I rounded up five encouraging posts for you earlier this week, and I have five more for you here, just in case you’ve started to climb back up that hill towards Panic Peak.
Not that I’ve ever done that…
Read on, and enjoy and embrace the gift of love, hope and encouragement I humbly offer to you, from one mom to another.
1. This time of year presents its share of parenting challenges, as kids are beyond excited and parents can be just plain tuckered out. I encourage you to read my post Are you raising a praise junkie? as it contains some great advice on how to encourage your child from the inside out, which will ultimately foster better behavior.
Good girl! Good boy! Good job!
Are those phrases a familiar part of your parenting repertoire?
As much as we believe we are being supportive and loving of our children when we use these phrases, we actually might be raising a junkie.
That’s right. You heard me.
A praise junkie.
Just as addicts crave the rush from the stimulants flowing through their system, a child who becomes hooked on those seemingly innocent words is constantly on the lookout for his next high: his temporarily elevated sense of self-worth as dealt out by the parent through praise.
Click here to read the rest. Please do take the time to consider this perspective, as I do believe it will help.
2. Megan Tietz wrote over at The Simple Mom about parenting through the difficult phases of childhood (there were times I would have said that meant from birth to age 18):
When your child goes through a difficult phase, it’s challenging for even the most dedicated of positive parents to stay the course. It’s easy to implement all we know about healthy, proactive parenting when the sun is shining and the flowers are blooming, but when the road is covered in ice and you just can’t seem to get any traction anywhere, well, it’s easy to spin out.
The more I’ve thought about it, the more I’ve realized that much of the advice given to drivers navigating hazardous road conditions actually speaks quite perfectly to parents who are navigating the precarious parts of parenting that are inevitable in the life of every family.
Take a few moments to gather some easy to implement, concrete ideas at Megan’s post, When parenting means steering into the skid.

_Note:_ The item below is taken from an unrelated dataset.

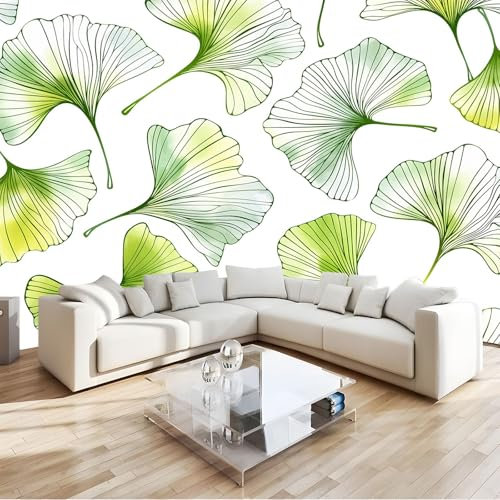 Papier Peint Feuilles De Ginkgo Texture Des Lignes 250x175 cm 3D Panoramique Murale Salon Papier Peint intissé pour Chambre Salon Personnalisé Décoration Murale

3. I knew parenting would be an exciting ride. (Little did I know how exciting!) At times, I was and still am taken aback at the extreme highs and lows that encompass the rich rewards and incredible difficulties of being a mom. Brooke McGlothlin has penned a moving piece over at Hope for the Better Mom that speaks to the low moments, to the weary mom in all of us: When God meets you in your mess.
I’d spent so much time on my knees about the things that were wrong that I’d forgotten to look at the things that were right.
It’s easy to get stuck in the mess, isn’t it? We fall so far down in the pit that it’s hard to see the blue sky at the top anymore. Gloom and doom become the norm. We yell more because we see fault more, and we forget to look at the positive in our lives.
I believe Brooke shares a very important message for us moms, especially for this time of year. It is all too easy to let the busyness and the mess and misbehavior garner all of our attention. Please take the time to visit, and take her message to heart.
4. Laura Vanderkam of the blog 168 Hours, you have more time than you think, shares about Being careful with no:
Listening to children whine makes one irritated, tense, embarrassed. Why do children whine? I suspect many of us unintentionally encourage it. We say “no” reflexively to whatever random thing a child is proposing. Then, the child starts whining or throwing a tantrum and we eventually say “yes.” Because we probably didn’t really care. Yes, you can play for 5 more minutes. I only wanted to leave the playground because I was bored. Yes, you can have jam on your pizza crusts. Why not?
I found this was something I would do especially when my patience was just worn thin. Laura offers some good advice as we sail into this busy, busy week, so do stop on over to her blog.
5. I love this post, written by The Simple Mom founder Tsh Oxenreider, from the Plan Your Peaceful Christmas series. This particular one, although very short and sweet, comes with permission and encouragement to just let go.
Think back to your childhood holidays. Do you remember all the things you didn’tdo? Are you still grieving over that one Christmas when you were 8, and you didn’t get to make four types of cookies while drinking hot cocoa near a fire with the perfect holiday music playing in the background?
I didn’t think so. Your kids won’t care, either.
Oh, ow. Did that just hit the bullseye with you? Just hop on over for a gentle reminder and a side of joy: Plan Your Peaceful Christmas: Task 6 (Embrace Imperfection)
I pray that you find just what you need here today.
Something that you may not realize is that writing for you is also such a help to me. I learn so much from you when you share with me, whether online or in person. And as I share hard won wisdom, I, too, am reminded to live by it.
This week, especially, I am not yet where I hoped or needed to be. I do not have it all together. My list of to-do’s is still way too long for the time remaining before Christmas, so I read what these moms have written, and remember to just let go.
I am so deeply grateful and wonderfully blessed to be walking this road right beside you, as best I know how, and know that when I fall, there is a helping hand at the ready. I offer a thank you from the bottom of my heart for the encouragement and hope I receive from each of you. A very Merry Christmas to you!